Experimental design considerations

When starting out with your experiment, there are many things to think about. We have highlighted some of the important points in the previous lecture and within this lesson, but we also encourage you to peruse the ENCODE guidelines and practices for ChIP-seq. Although it was published in 2012, much of the information is still very valid and used in practice today.

NOTE: When relevant, we include comparisons to CUT&RUN and ATAC-seq to demonstrate how guidelines change for the different assays.

Starting material

ChIP-seq

Ensure that you have a sufficient amount of starting material because the ChIP will only enrich for a small proportion. For a standard protocol, you want approximately 2 x 106 cells per immunoprecipitation. If it is difficult to obtain that many samples from your experiment, consider using low input methods. Ultimately, higher amounts of starting material yield more consistent and reproducible protein-DNA enrichments.

Can I pool samples if I don’t have enough cells?

We generally recommend that you try to steer clear of pooling (for ChIP-seq and other NGS applications). There is variability between samples and mixing them together can increase background noise and dilute signal. In the case where you have small amounts of starting material, we suggest using CUT&RUN.

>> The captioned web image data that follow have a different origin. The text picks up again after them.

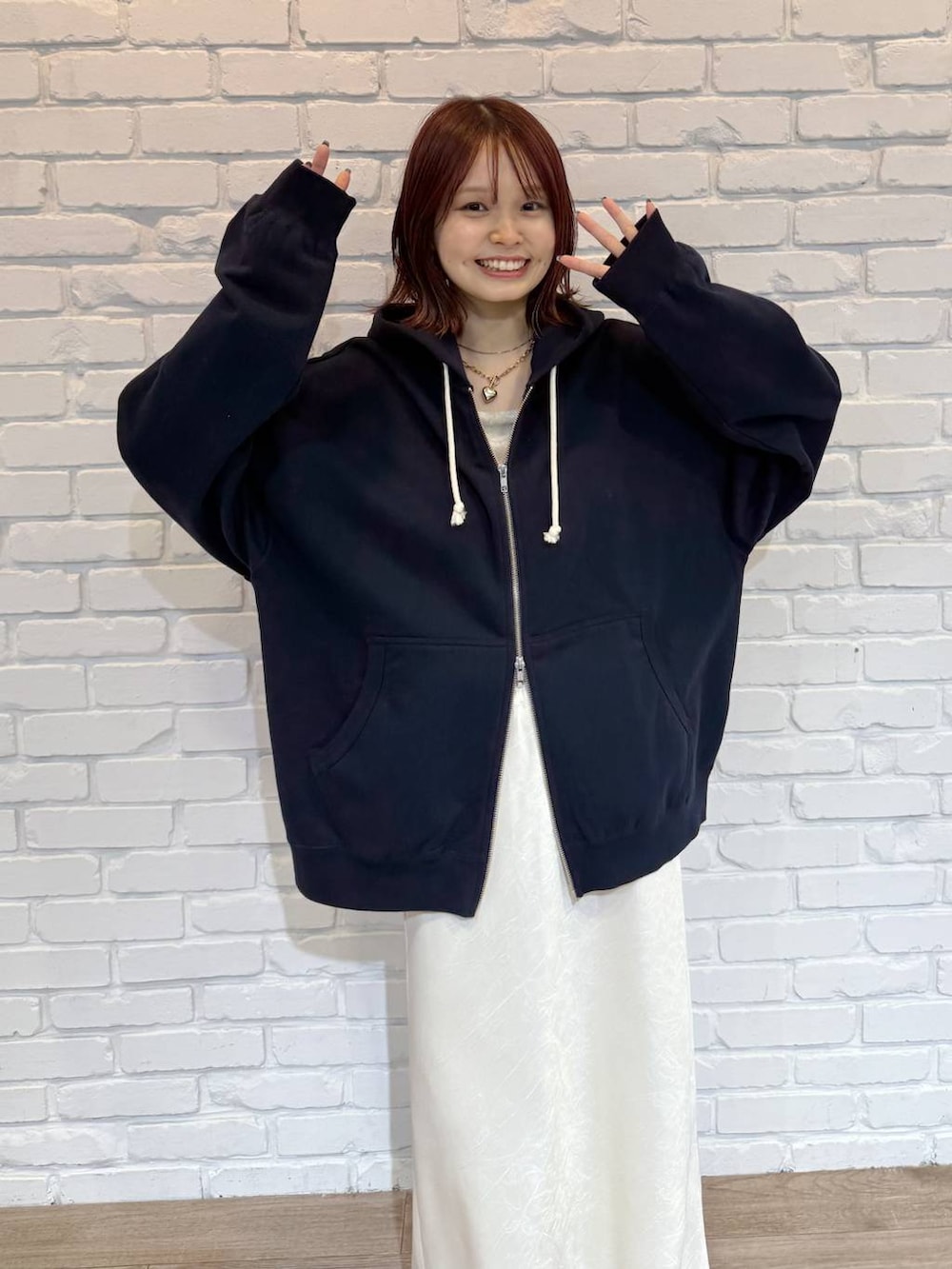 ホワイト系のスカートを着用したレディースの冬コーディネートの3枚目の写真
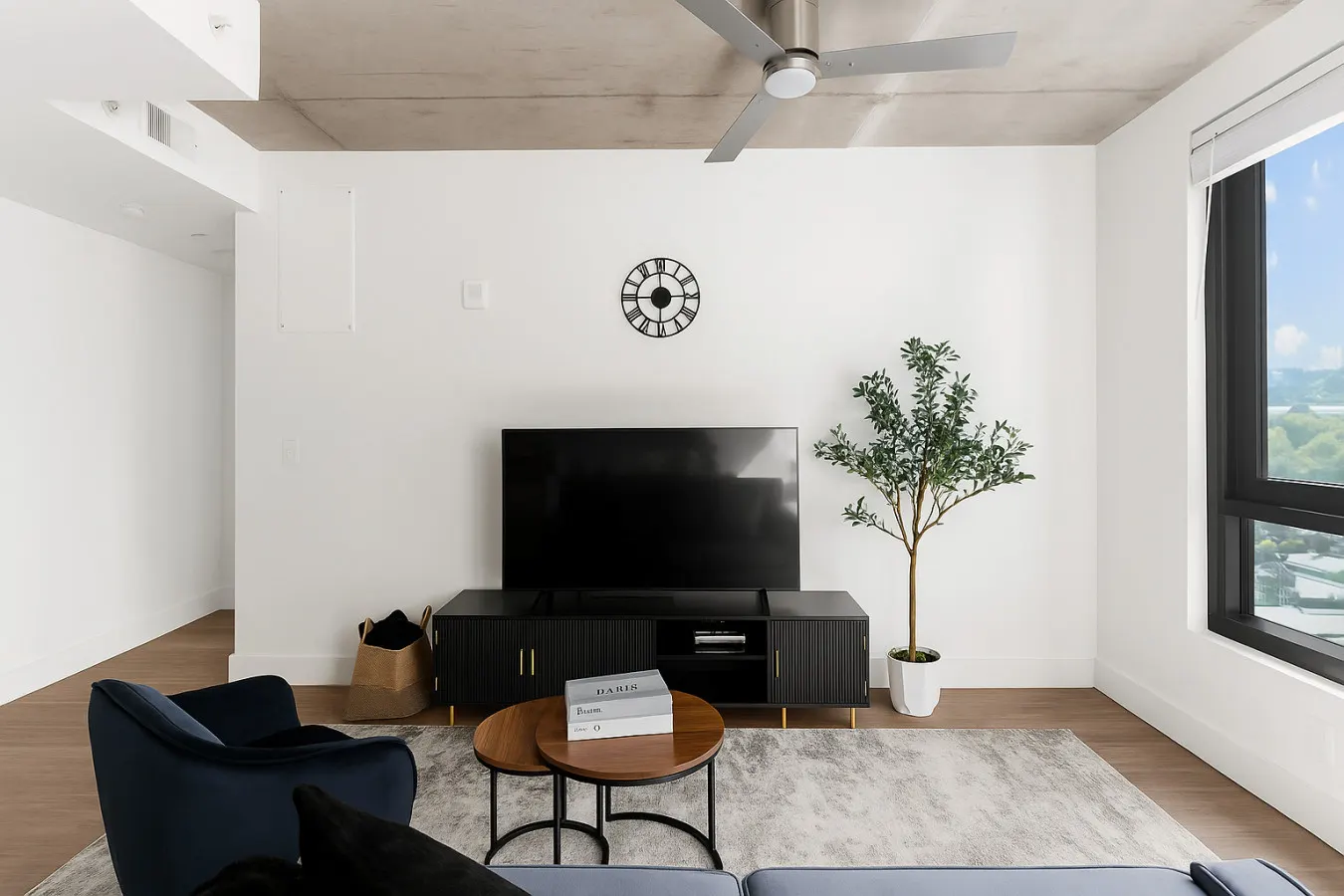 Modern 3BR Condo Five Points South Gem S1 13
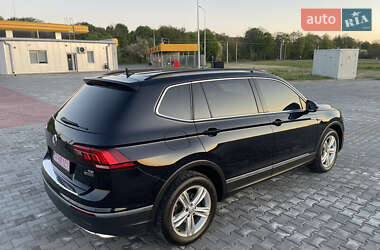 Внедорожник / Кроссовер Volkswagen Tiguan 2018 в 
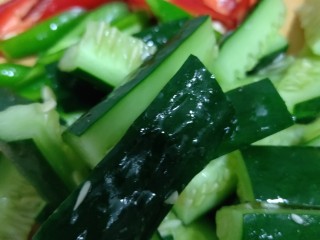 6、美味宵夜小龙虾,切好黄瓜、青椒、红椒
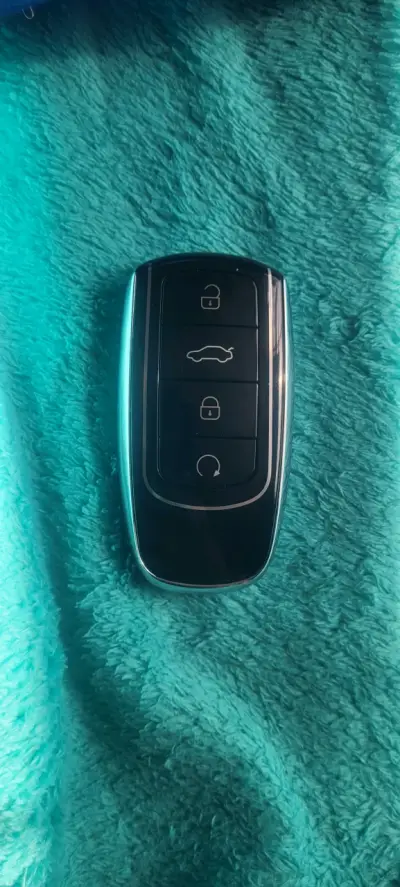 Llave inteligente de auto - miniatura 1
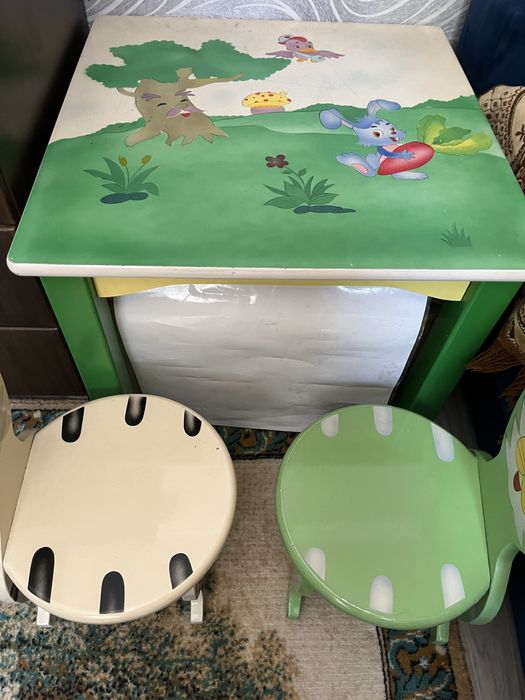 Продам детский столик и стульчики.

Click here for CUT&RUN guidelines

It is recommended to start with 500,000 native (unfixed) cells, particularly when mapping new targets or using new cell types. Following initial validation of workflows using 500,000 cells and control antibodies, cell numbers can be reduced (as low as 5K cells).

Click here for ATAC-seq guidelines

For ATAC-seq the requirement of cell number ranges from 50K to 500K.

Quality control of your ChIP

Your ChIP experiment is only as good as your antibody! The more specific the antibody, the more robust and accurate your results will be. Antibody deficiencies are of two main types: poor reactivity against the intended target and/or cross-reactivity with other DNA-associated proteins. Here, we boil it down to the following key points:

Immunoblot analyses of antibodies against SIN3B that (left) pass and (right) fail quality control. Lanes contain nuclear extract from GM12878 cells (G) and K562 cells (K). Arrows indicate band of expected size of 133 kDa. [Landt et al, 2012]

Note that you cannot do a qPCR on a CUT&RUN library, the fragments are too short. See below for a positive control option instead.

Should I test the efficacy of the CUT&RUN protocol?

A control CUT&RUN with an antibody against a histone mark is recommended, to assess protocol efficacy. After quantifying purified DNA, the fragments (50-150 bp) may not show up on the bioanalyzer electropherogram due to the low concentration of DNA present. With the control histone mark CUT&RUN, you should see mono-, di-, and tri-nucleosomes in the Bioanalyzer traces as shown below.

NOTE: The authors of this study also included a positive control sample using an antibody against p300 to test the protocol, although the data is not included here. The p300 protein has been shown to have binding sites in the cortex.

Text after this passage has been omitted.